/Facial-Expression-Recognition

Project on Facial Expression Recognition with Keras

Primary LanguageJupyter Notebook

Facial-Expression-Recognition

Project on Facial Expression Recognition with Keras

Link for Dataset: https://drive.google.com/open?id=1adZCwxr8Th7CfMMGytCTvO_LMicGfneH
This Project is based on kaggle competition on Facial expression recognition. Here is asummarized report on task completed in this project.

Task 1: Dataset

  • Dataset is also from the same competition.

Task 2: Exploring the Dataset

  • Display some images from every expression type in the Emotion FER dataset.
  • Check for class imbalance problems in the training data.

Task 3: Generated Training and Validation Batches

  • Generate batches of tensor image data with real-time data augmentation.
  • Specify paths to training and validation image directories and generates batches of augmented data.

Task 4: Created a Convolutional Neural Network (CNN) Model

  • Design a convolutional neural network with 4 convolution layers and 2 fully connected layers to predict 7 types of facial expressions.
  • Use Adam as the optimizer, categorical crossentropy as the loss function, and accuracy as the evaluation metric. model

Task 5: Trained and Evaluated Model

  • Train the CNN by invoking the model.fit() method.
  • Use ModelCheckpoint() to save the weights associated with the higher validation accuracy.
  • Observe live training loss and accuracy plots in Jupyter Notebook for Keras.

Task 6: Saved and Serialized Model as JSON String

  • Sometimes, you are only interested in the architecture of the model, and you don't need to save the weight values or the optimizer.
  • Use to_json(), which uses a JSON string, to store the model architecture.

Task 7: Created a Flask App to Serve Predictions

  • Use open-source code from "Video Streaming with Flask Example" to create a flask app to serve the model's prediction images directly to a web interface.

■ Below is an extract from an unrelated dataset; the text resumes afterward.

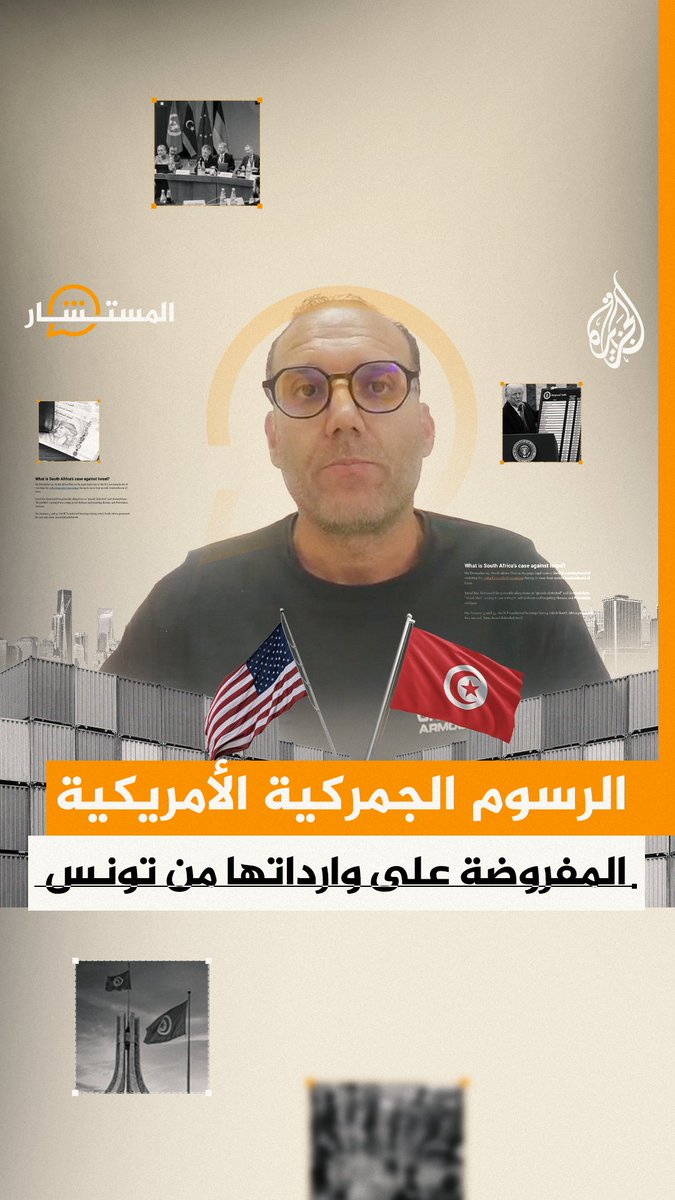 واشنطن تفرض رسوما جمركية على وارداتها من #تونس.. فما مدى تأثيرها على التجارة بين البلدين؟ #الجزيرة_المستشار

Task 8: Created a Class to Output Model Predictions

  • Create a FacialExpressionModel class to load the model from the JSON file, load the trained weights into the model, and predict facial expressions.

Task 9: Designed an HTML Template for the Flask App

  • Design a basic template in HTML to create the layout for the Flask app.

Task 10: Used Model to Recognize Facial Expressions in Videos

  • Run the main.py script to create the Flask app and serve the model's predictions to a web interface.
  • Apply the model to saved videos on disk.